═════ PROVIDED DATA

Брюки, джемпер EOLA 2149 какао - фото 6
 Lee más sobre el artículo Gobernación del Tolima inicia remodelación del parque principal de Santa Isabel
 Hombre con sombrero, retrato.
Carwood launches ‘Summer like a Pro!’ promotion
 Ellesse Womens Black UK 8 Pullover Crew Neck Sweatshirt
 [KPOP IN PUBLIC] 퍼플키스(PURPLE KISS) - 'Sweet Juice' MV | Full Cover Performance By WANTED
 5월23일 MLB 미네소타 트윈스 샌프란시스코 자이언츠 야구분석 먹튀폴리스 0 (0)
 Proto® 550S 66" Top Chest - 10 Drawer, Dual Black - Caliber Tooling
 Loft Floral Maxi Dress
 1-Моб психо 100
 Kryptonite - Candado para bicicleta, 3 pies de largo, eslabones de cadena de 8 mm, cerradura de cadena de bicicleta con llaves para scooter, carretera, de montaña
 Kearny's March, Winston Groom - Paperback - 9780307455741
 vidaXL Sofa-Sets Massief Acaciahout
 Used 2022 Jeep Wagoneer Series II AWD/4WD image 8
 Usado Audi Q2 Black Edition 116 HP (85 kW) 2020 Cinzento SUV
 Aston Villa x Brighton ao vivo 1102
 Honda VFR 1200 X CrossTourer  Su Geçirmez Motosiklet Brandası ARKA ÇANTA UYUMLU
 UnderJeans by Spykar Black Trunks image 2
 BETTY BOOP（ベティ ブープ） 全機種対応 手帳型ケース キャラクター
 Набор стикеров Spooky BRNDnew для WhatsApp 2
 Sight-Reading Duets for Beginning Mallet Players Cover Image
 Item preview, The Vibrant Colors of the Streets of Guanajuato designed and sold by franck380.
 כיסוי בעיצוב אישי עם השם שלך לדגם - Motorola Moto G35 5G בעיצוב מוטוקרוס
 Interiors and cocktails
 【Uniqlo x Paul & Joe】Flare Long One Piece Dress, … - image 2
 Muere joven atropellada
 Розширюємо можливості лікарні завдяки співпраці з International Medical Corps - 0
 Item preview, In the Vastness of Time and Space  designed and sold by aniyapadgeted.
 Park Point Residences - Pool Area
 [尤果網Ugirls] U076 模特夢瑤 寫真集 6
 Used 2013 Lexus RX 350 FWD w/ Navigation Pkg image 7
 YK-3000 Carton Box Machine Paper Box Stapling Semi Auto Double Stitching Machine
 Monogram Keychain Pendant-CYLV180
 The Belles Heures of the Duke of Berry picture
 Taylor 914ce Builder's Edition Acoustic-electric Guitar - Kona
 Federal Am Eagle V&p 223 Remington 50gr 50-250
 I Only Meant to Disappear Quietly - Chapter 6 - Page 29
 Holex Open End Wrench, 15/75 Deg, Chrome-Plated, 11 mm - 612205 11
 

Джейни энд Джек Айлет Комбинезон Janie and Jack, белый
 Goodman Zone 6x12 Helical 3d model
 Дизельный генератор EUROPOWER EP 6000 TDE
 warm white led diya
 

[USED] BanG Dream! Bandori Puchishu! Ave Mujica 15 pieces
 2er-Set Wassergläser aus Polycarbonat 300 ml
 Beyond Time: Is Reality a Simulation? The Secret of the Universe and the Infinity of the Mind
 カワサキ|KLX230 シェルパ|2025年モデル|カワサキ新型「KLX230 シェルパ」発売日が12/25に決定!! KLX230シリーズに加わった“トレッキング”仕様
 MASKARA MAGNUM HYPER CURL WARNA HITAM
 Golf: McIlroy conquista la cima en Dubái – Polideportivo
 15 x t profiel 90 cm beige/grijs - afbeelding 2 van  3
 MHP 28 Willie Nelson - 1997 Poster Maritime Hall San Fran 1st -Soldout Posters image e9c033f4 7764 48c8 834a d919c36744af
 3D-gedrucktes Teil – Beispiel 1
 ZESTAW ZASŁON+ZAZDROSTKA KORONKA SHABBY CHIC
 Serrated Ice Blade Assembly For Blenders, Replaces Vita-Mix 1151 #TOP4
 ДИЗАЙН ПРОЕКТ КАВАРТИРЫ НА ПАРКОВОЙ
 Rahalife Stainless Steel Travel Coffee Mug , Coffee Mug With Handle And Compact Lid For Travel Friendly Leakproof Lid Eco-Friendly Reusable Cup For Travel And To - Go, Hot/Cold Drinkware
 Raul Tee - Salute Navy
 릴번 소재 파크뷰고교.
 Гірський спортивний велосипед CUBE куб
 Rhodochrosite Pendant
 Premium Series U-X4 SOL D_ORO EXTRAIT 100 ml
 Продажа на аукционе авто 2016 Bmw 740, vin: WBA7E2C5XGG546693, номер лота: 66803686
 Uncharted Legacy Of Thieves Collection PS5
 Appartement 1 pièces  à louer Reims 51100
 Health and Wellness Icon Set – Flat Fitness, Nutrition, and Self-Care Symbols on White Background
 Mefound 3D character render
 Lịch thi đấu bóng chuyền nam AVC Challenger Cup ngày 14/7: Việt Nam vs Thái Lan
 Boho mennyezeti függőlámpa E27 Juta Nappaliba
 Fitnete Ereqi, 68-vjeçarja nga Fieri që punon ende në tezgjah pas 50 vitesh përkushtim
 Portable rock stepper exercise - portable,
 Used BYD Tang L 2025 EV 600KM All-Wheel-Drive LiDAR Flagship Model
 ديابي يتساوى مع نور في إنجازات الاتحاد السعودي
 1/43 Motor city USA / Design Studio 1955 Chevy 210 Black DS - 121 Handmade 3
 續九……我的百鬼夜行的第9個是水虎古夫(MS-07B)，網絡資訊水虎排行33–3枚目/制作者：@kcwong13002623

══════════

The answer must be a verbatim transcription of all the entries.

**RESPONSE:**
Брюки, джемпер EOLA 2149 какао - фото 6
 Lee más sobre el artículo Gobernación del Tolima inicia remodelación del parque principal de Santa Isabel
 Hombre con sombrero, retrato.
Carwood launches ‘Summer like a Pro!’ promotion
 Ellesse Womens Black UK 8 Pullover Crew Neck Sweatshirt
 [KPOP IN PUBLIC] 퍼플키스(PURPLE KISS) - 'Sweet Juice' MV | Full Cover Performance By WANTED
 5월23일 MLB 미네소타 트윈스 샌프란시스코 자이언츠 야구분석 먹튀폴리스 0 (0)
 Proto® 550S 66" Top Chest - 10 Drawer, Dual Black - Caliber Tooling
 Loft Floral Maxi Dress
 1-Моб психо 100
 Kryptonite - Candado para bicicleta, 3 pies de largo, eslabones de cadena de 8 mm, cerradura de cadena de bicicleta con llaves para scooter, carretera, de montaña
 Kearny's March, Winston Groom - Paperback - 9780307455741
 vidaXL Sofa-Sets Massief Acaciahout
 Used 2022 Jeep Wagoneer Series II AWD/4WD image 8
 Usado Audi Q2 Black Edition 116 HP (85 kW) 2020 Cinzento SUV
 Aston Villa x Brighton ao vivo 1102
 Honda VFR 1200 X CrossTourer  Su Geçirmez Motosiklet Brandası ARKA ÇANTA UYUMLU
 UnderJeans by Spykar Black Trunks image 2
 BETTY BOOP（ベティ ブープ） 全機種対応 手帳型ケース キャラクター
 Набор стикеров Spooky BRNDnew для WhatsApp 2
 Sight-Reading Duets for Beginning Mallet Players Cover Image
 Item preview, The Vibrant Colors of the Streets of Guanajuato designed and sold by franck380.
 כיסוי בעיצוב אישי עם השם שלך לדגם - Motorola Moto G35 5G בעיצוב מוטוקרוס
 Interiors and cocktails
 【Uniqlo x Paul & Joe】Flare Long One Piece Dress, … - image 2
 Muere joven atropellada
 Розширюємо можливості лікарні завдяки співпраці з International Medical Corps - 0
 Item preview, In the Vastness of Time and Space  designed and sold by aniyapadgeted.
 Park Point Residences - Pool Area
 [尤果網Ugirls] U076 模特夢瑤 寫真集 6
 Used 2013 Lexus RX 350 FWD w/ Navigation Pkg image 7
 YK-3000 Carton Box Machine Paper Box Stapling Semi Auto Double Stitching Machine
 Monogram Keychain Pendant-CYLV180
 The Belles Heures of the Duke of Berry picture
 Taylor 914ce Builder's Edition Acoustic-electric Guitar - Kona
 Federal Am Eagle V&p 223 Remington 50gr 50-250
 I Only Meant to Disappear Quietly - Chapter 6 - Page 29
 Holex Open End Wrench, 15/75 Deg, Chrome-Plated, 11 mm - 612205 11
 

Джейни энд Джек Айлет Комбинезон Janie and Jack, белый
 Goodman Zone 6x12 Helical 3d model
 Дизельный генератор EUROPOWER EP 6000 TDE
 warm white led diya
 

[USED] BanG Dream! Bandori Puchishu! Ave Mujica 15 pieces
 2er-Set Wassergläser aus Polycarbonat 300 ml
 Beyond Time: Is Reality a Simulation? The Secret of the Universe and the Infinity of the Mind
 カワサキ|KLX230 シェルパ|2025年モデル|カワサキ新型「KLX230 シェルパ」発売日が12/25に決定!! KLX230シリーズに加わった“トレッキング”仕様
 MASKARA MAGNUM HYPER CURL WARNA HITAM
 Golf: McIlroy conquista la cima en Dubái – Polideportivo
 15 x t profiel 90 cm beige/grijs - afbeelding 2 van  3
 MHP 28 Willie Nelson - 1997 Poster Maritime Hall San Fran 1st -Soldout Posters image e9c033f4 7764 48c8 834a d919c36744af
 3D-gedrucktes Teil – Beispiel 1
 ZESTAW ZASŁON+ZAZDROSTKA KORONKA SHABBY CHIC
 Serrated Ice Blade Assembly For Blenders, Replaces Vita-Mix 1151 #TOP4
 ДИЗАЙН ПРОЕКТ КАВАРТИРЫ НА ПАРКОВОЙ
 Rahalife Stainless Steel Travel Coffee Mug , Coffee Mug With Handle And Compact Lid For Travel Friendly Leakproof Lid Eco-Friendly Reusable Cup For Travel And To - Go, Hot/Cold Drinkware
 Raul Tee - Salute Navy
 릴번 소재 파크뷰고교.
 Гірський спортивний велосипед CUBE куб
 Rhodochrosite Pendant
 Premium Series U-X4 SOL D_ORO EXTRAIT 100 ml
 Продажа на аукционе авто 2016 Bmw 740, vin: WBA7E2C5XGG546693, номер лота: 66803686
 Uncharted Legacy Of Thieves Collection PS5
 Appartement 1 pièces  à louer Reims 51100
 Health and Wellness Icon Set – Flat Fitness, Nutrition, and Self-Care Symbols on White Background
 Mefound 3D character render
 Lịch thi đấu bóng chuyền nam AVC Challenger Cup ngày 14/7: Việt Nam vs Thái Lan
 Boho mennyezeti függőlámpa E27 Juta Nappaliba
 Fitnete Ereqi, 68-vjeçarja nga Fieri që punon ende në tezgjah pas 50 vitesh përkushtim
 Portable rock stepper exercise - portable,
 Used BYD Tang L 2025 EV 600KM All-Wheel-Drive LiDAR Flagship Model
 ديابي يتساوى مع نور في إنجازات الاتحاد السعودي
 1/43 Motor city USA / Design Studio 1955 Chevy 210 Black DS - 121 Handmade 3
 續九……我的百鬼夜行的第9個是水虎古夫(MS-07B)，網絡資訊水虎排行33–3枚目/制作者：@kcwong13002623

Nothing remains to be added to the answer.